▸ **Exercise goal**: From the material below, set down exactly the lines that run from the one containing "Casa de 10 dormitorios" to the one containing "https://images.plurk.com/6vVh9sJ4mowKahp6ZgAb.png", minus the pictures.

***** Input records

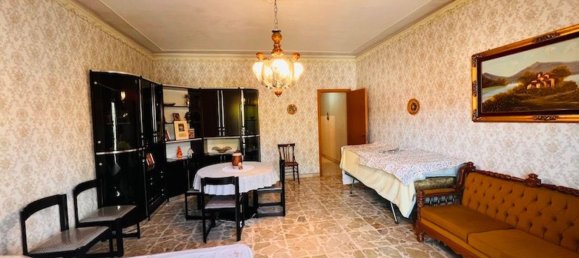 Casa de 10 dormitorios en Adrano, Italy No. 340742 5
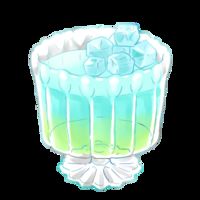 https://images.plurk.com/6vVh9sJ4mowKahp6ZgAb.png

**********
***** Input records

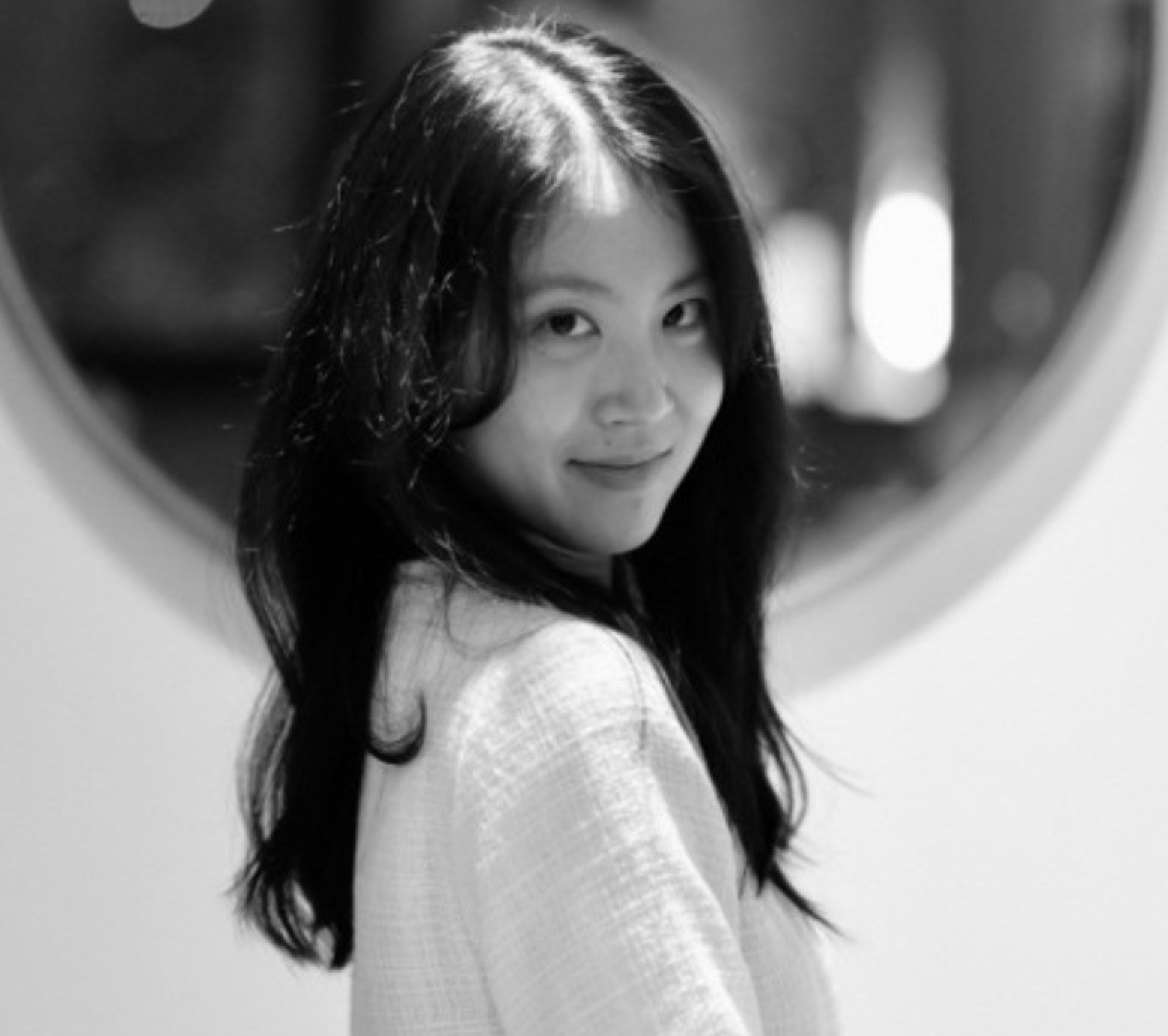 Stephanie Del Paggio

**********
***** Input records

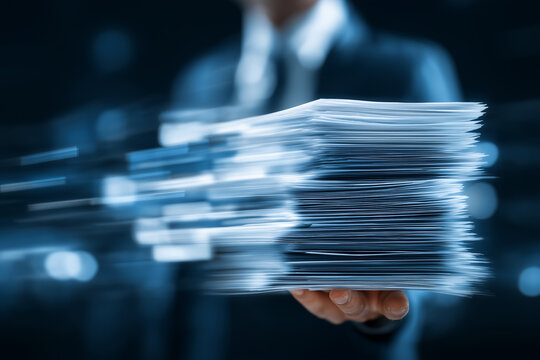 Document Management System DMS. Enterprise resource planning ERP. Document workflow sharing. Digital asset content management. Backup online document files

**********

▸ **Exercise answer**:
 Casa de 10 dormitorios en Adrano, Italy No. 340742 5
 https://images.plurk.com/6vVh9sJ4mowKahp6ZgAb.png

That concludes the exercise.